A pesquisadora ressalta, porém, que esse impacto econômico seria trazido por royalties, sem previsão de geração de empregos diretos para a população local.
Em maio, a Assembleia Legislativa do Amapá realizou uma audiência pública em Oiapoque para discutir a exploração de petróleo com a comunidade local. No entanto, os pescadores afirmaram que o evento foi um “palanque político” e que não tiveram direito a fala, de acordo com fontes ouvidas pela Pública. Comunidades tradicionais e indígenas também reclamaram da falta de divulgação e de não terem sido convidados em tempo hábil para participar da audiência.

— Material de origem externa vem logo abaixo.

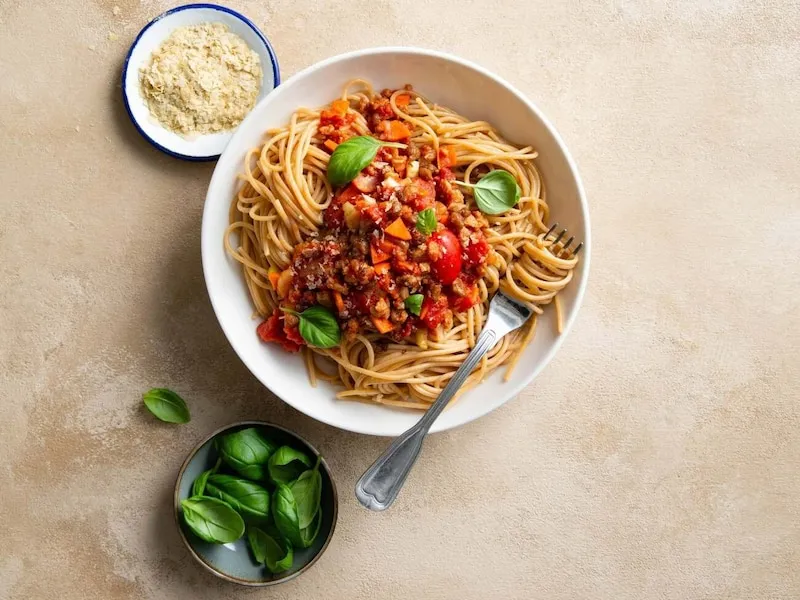 Zdjęcie Wegańskie spaghetti bolognese - pyszna alternatywa bez mięsa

Em conversa com jornalistas durante uma viagem oficial ao Japão, o presidente Lula afirmou que vetará qualquer intenção de explorar petróleo na foz do Amazonas caso haja risco real ao meio ambiente.
Em nota divulgada nas redes sociais, a Articulação dos Povos e Organizações Indígenas do Amapá e Norte do Pará (APOIANP) disse que, sem que sejam avaliados impactos que podem ser desastrosos e sem compromisso com a consulta prévia aos povos indígenas, é contra a exploração do petróleo na foz do Amazonas e que apoia a decisão do Ibama de negar a licença para a Petrobras.